Kunio Suzuki

Personal information
- Nationality: Japan
- Born: 9 February 1976 (age 50) Yokkaichi, Mie, Japan
- Height: 1.80 m (5 ft 11 in)
- Weight: 84 kg (185 lb)

Sailing career
- Sport: Sailing
- Club: Wakayama Marina City
- Class: Dinghy

Medal record
Men's sailing
Representing Japan
Asian Games
| Bronze medal – third place | 2002 Busan | Laser |

= Kunio Suzuki =

Japanese sailor (born 1976)

Kunio Suzuki (鈴木 國央, Suzuki Kunio) is a Japanese sailor, who specialized in the Laser and two-person keelboat (Star) class. He earned a bronze medal in his respective category at the 2002 Asian Games in Busan, South Korea, and also represented his nation Japan in two editions of the Olympic Games (2000 and 2004). Suzuki also trains full-time for the Wakayama Marina City Regatta in Wakayama.
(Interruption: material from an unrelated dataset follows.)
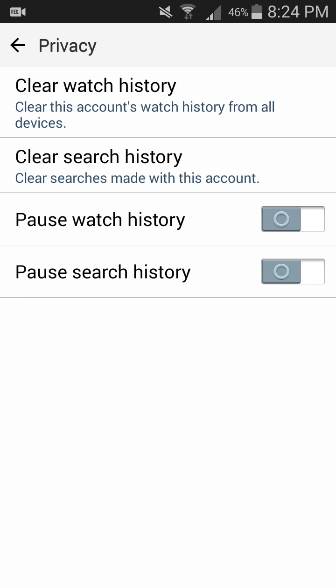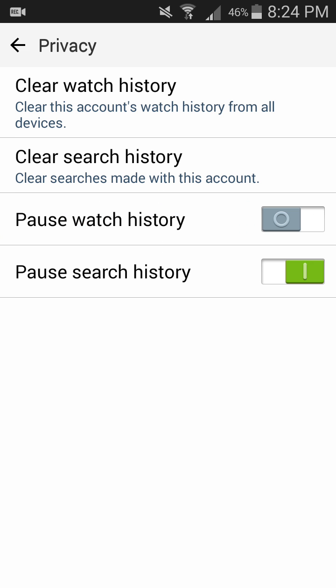Also you can pause the watch history. Whatever you are watching on YouTube, we can also pause this by clicking this option or you can disable this. This is how you can do it.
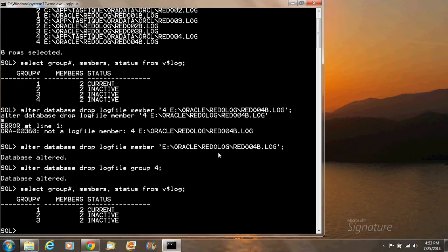As you can see, we now have three groups — one, two, and three — and group four is dropped. This is how you can drop a member as well as a group. If you want to drop the group at once, you run the query: alter database drop logfile group and the name of the group. After that, you have to physically delete the files. So now I'm going to physically delete the file — first I'm going to delete the logfile group four.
Suzuki made his official debut at the 2000 Summer Olympics in Sydney, where he placed twenty-seventh in the Laser class with a net grade of 202, surpassing Seychelles' Allan Julie by a single mark.

When South Korea hosted the 2002 Asian Games in Busan, Suzuki sailed vigorously to pick up a bronze medal in the Laser class with a satisfying score of 26, finishing behind the host nation's Kim Ho-kon by an eighteen-point deficit.

At the 2004 Summer Olympics in Athens, Suzuki qualified for his second Japanese team in the Laser class by placing sixty-first and obtaining a berth from the World Championships in Bodrum, Turkey. Sailing through the race series with a similar effort from the previous Olympics, Suzuki dropped his position to thirty-fifth with a net score of 281 in a fleet of forty-two sailors.

Shortly after his second Olympics, Suzuki set a temporary retirement from his own category, but came back to the sailing scene in 2006 to team up with Daichi Wada in the Star class.